* What you will do: Reproduce, exactly, the lines of the material below from the line containing "Patrick negociando com o São Paulo" through the line containing "Cabilock Box Data", with both end lines included and nothing else.
===== Extracted material =====
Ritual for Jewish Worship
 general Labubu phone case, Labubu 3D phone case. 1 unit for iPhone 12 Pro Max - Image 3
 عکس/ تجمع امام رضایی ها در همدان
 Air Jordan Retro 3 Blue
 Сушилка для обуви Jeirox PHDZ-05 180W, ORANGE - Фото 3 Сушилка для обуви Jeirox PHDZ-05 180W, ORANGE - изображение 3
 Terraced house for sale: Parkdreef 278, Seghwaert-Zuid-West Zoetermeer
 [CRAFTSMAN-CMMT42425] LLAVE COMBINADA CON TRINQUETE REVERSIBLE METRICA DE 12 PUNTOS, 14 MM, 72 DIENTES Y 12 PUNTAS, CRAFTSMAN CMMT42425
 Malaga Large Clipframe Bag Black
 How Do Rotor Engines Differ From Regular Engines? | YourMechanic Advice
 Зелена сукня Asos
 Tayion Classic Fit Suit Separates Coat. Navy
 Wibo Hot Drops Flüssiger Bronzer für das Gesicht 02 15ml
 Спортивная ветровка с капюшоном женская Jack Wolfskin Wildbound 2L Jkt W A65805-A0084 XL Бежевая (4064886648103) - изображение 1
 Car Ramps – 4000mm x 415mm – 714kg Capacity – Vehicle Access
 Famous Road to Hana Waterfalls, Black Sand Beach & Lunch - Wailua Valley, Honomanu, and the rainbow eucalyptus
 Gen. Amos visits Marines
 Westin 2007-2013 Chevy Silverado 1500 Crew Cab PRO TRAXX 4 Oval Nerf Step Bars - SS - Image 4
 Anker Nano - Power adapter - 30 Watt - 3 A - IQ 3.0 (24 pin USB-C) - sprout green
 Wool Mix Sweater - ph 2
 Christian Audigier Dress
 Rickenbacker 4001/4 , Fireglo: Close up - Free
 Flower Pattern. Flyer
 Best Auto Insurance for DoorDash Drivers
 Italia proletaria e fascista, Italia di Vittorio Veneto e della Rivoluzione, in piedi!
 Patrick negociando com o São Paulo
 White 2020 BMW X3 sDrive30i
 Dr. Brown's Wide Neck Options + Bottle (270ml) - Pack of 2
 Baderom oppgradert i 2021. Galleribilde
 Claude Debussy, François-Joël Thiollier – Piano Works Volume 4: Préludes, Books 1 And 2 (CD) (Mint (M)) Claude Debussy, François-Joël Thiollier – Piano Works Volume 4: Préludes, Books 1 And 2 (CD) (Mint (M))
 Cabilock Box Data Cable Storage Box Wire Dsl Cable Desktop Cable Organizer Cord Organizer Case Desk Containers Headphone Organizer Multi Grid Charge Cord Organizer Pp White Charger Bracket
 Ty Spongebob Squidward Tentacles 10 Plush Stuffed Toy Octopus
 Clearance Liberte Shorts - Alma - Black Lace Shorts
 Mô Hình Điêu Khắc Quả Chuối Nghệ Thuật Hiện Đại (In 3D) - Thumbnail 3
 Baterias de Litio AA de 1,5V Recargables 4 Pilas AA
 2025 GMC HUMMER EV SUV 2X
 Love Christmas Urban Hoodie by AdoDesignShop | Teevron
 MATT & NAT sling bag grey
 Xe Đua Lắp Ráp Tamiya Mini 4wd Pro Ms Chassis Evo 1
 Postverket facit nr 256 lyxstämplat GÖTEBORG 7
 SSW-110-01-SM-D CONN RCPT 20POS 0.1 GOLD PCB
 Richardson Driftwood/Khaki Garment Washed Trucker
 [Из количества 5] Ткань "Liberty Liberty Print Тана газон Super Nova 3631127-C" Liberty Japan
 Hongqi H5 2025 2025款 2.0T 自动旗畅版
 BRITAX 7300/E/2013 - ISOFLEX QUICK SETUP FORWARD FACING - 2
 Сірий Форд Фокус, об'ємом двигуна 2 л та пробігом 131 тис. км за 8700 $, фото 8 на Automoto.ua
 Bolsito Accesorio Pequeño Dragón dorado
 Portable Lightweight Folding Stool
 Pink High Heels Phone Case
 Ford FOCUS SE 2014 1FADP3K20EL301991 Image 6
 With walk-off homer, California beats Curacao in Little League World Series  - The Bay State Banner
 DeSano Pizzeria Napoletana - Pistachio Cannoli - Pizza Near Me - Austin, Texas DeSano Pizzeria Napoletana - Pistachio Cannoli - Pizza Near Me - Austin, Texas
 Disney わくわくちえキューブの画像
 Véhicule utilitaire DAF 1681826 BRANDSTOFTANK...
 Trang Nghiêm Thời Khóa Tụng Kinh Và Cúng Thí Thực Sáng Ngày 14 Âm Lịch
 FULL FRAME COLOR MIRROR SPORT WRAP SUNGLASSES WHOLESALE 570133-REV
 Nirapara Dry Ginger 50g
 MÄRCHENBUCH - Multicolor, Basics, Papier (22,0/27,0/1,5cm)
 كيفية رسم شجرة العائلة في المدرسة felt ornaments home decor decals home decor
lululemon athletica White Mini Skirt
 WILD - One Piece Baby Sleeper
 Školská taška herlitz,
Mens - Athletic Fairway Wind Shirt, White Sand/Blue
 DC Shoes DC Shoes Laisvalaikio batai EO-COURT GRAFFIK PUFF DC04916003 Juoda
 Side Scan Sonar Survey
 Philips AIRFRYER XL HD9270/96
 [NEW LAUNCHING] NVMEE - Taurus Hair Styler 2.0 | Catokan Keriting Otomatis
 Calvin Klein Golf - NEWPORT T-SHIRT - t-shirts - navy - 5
=====
* Response to this task:
 Patrick negociando com o São Paulo
 White 2020 BMW X3 sDrive30i
 Dr. Brown's Wide Neck Options + Bottle (270ml) - Pack of 2
 Baderom oppgradert i 2021. Galleribilde
 Claude Debussy, François-Joël Thiollier – Piano Works Volume 4: Préludes, Books 1 And 2 (CD) (Mint (M)) Claude Debussy, François-Joël Thiollier – Piano Works Volume 4: Préludes, Books 1 And 2 (CD) (Mint (M))
 Cabilock Box Data Cable Storage Box Wire Dsl Cable Desktop Cable Organizer Cord Organizer Case Desk Containers Headphone Organizer Multi Grid Charge Cord Organizer Pp White Charger Bracket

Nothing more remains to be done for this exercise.